◆ **RECORDS FOR PROCESSING**
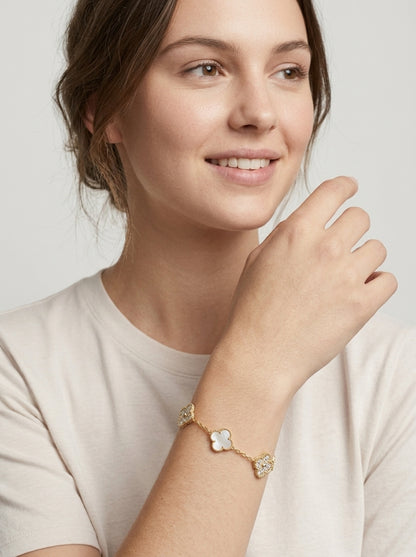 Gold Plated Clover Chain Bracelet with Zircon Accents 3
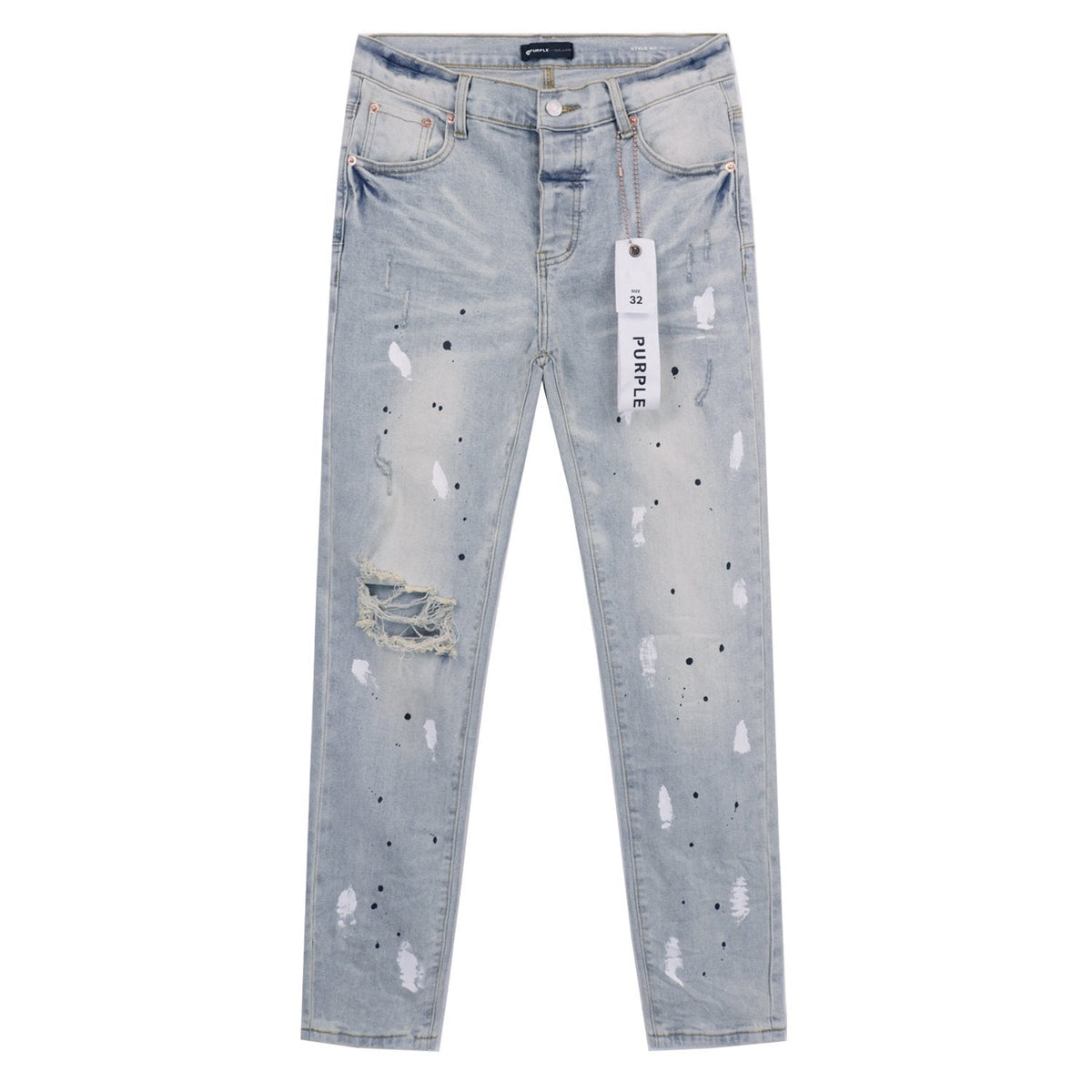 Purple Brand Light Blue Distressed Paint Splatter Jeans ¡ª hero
* * *
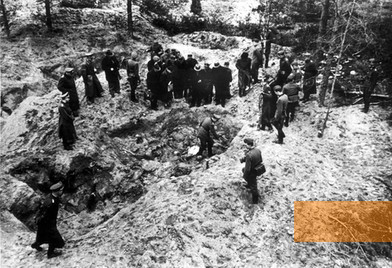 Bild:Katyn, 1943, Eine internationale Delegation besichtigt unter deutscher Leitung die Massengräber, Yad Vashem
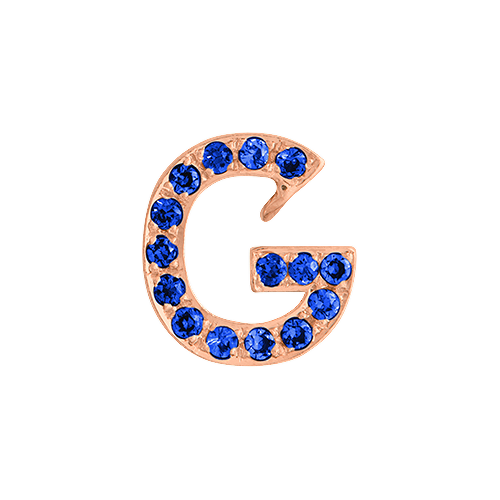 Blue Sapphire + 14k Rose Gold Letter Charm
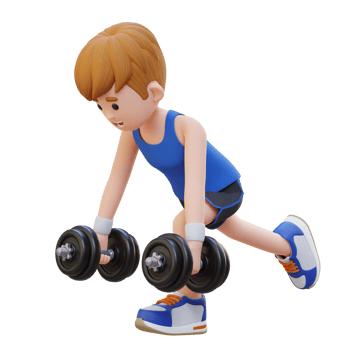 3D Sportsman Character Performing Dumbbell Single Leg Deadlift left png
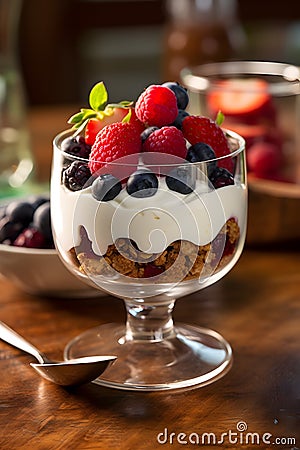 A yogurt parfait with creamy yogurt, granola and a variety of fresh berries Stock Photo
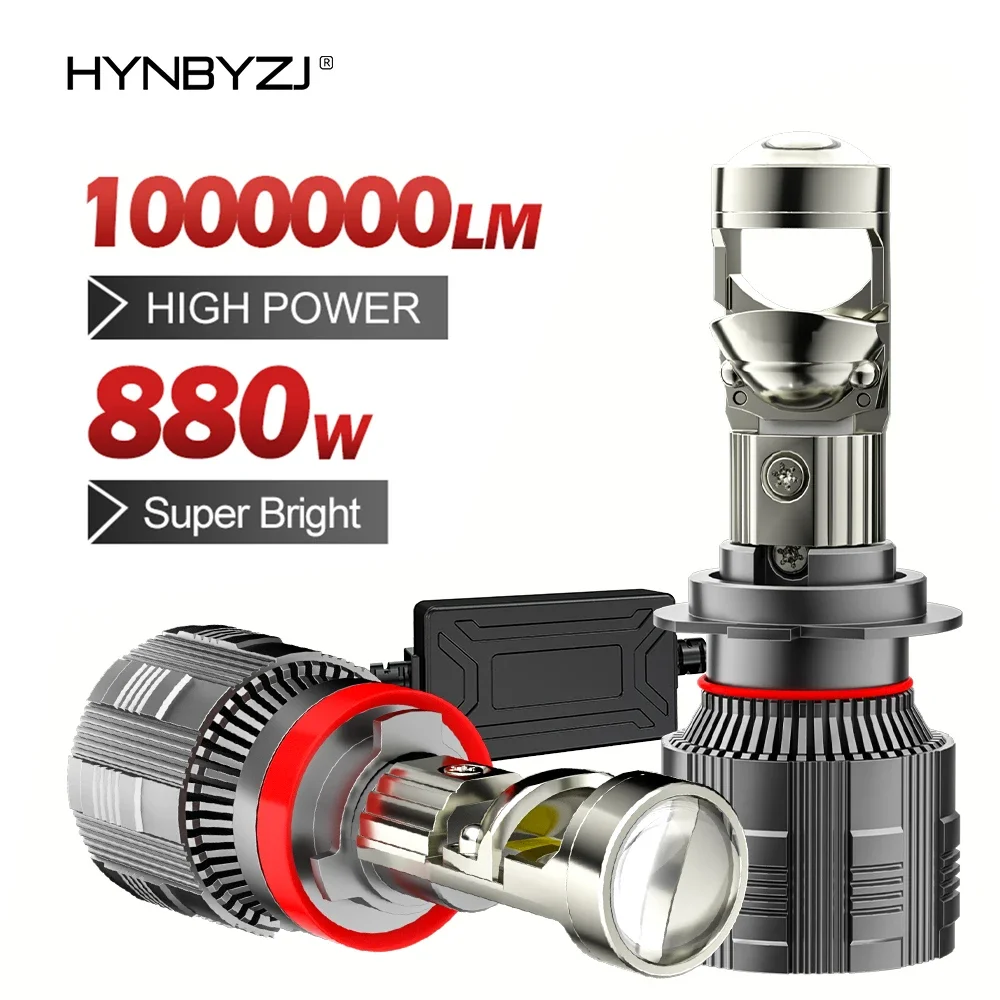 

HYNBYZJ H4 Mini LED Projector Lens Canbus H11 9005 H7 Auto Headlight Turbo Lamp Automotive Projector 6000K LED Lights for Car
---
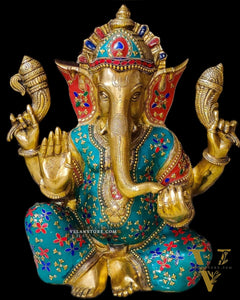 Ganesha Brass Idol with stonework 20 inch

◆ **WHAT YOU SHOULD DO**
Using the data above, set down each line from the line with "Gold Plated Clover" to the line with "Purple Brand Light" exactly, both ends included, and leave the pictures behind. Nothing else belongs.

◆ **RESPONSE BELOW**
 Gold Plated Clover Chain Bracelet with Zircon Accents 3
 Purple Brand Light Blue Distressed Paint Splatter Jeans ¡ª hero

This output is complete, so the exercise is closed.